Option 1: JMX
Many people asked can they manage Quartz via JMX, and that the documentation on this is not clear enough to help them get started. So, let me highlight couple ways you can do this.
Yes you can enable JMX in quartz with the following in
quartz.properties
org.quartz.scheduler.jmx.export = true
After this, you use standard JMX client such as $JAVA_HOME/bin/jconsole
to connect and manage remotely.
Option 2: RMI
Another way to manage quartz remotely is to enable RMI in Quartz. If you use this, you basically run one instance of Quartz as RMI server, and then you can create second Quartz instance as RMI client. These two can talk remotely via a TCP port.

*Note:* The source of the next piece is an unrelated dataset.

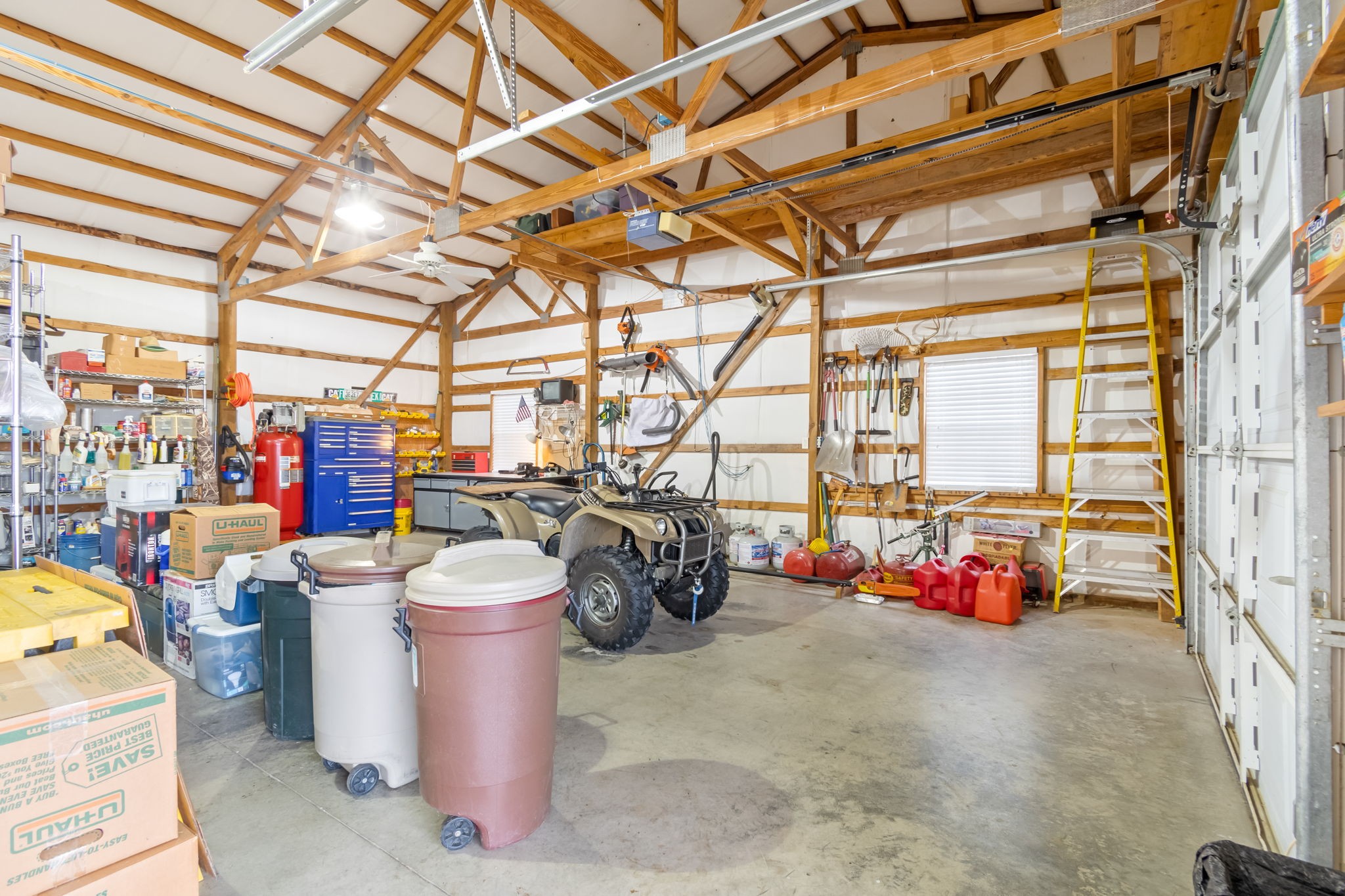 3100 Floyd Road Eagleville, TN 37060 - Photo 48 of 63 a storage room with water heater and racks on the kitchen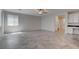 Bright living space with tile floors, recessed lights, leading to kitchen with white cabinets at 10273 Aragon Crown Rd, Las Vegas, NV 89135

For server scheduler instance, you want to add these in quartz.properties
org.quartz.scheduler.rmi.export = true
org.quartz.scheduler.rmi.createRegistry = true
org.quartz.scheduler.rmi.registryHost = localhost
org.quartz.scheduler.rmi.registryPort = 1099
org.quartz.scheduler.rmi.serverPort = 1100
And for client scheduler instance, you want to add these in quartz.properties
org.quartz.scheduler.rmi.proxy = true
org.quartz.scheduler.rmi.registryHost = localhost
org.quartz.scheduler.rmi.registryPort = 1099
The RMI feature is mentioned in Quartz doc here. Quartz doesn't have
a client API, but use the same org.quartz.Scheduler
for both server and client. It's just the configuration are different.
By different configuration, you get very different behavior. For server, your scheduler is running all the jobs, while for client, it's simply a
proxy. Your client scheduler instance will not run any jobs! You must be really careful when shutting down client because it does allow you to bring
down the server!
These configurations have been highlighted in the MySchedule project. If you run the webapp, you should see a screen like this demo, and you will see it provided many sample of quartz configurations with these remote managment config properties.
If configure with RMI option, you can actually still use MySchedule web UI to manage the Quartz as proxy. You can view and drill down jobs, and you can even stop or shutdown remote server!
Based on my experience, there is a down side of using Quartz RMI feature though. That is it creates a single point of failure. There is no fail over if your RMI server port is down!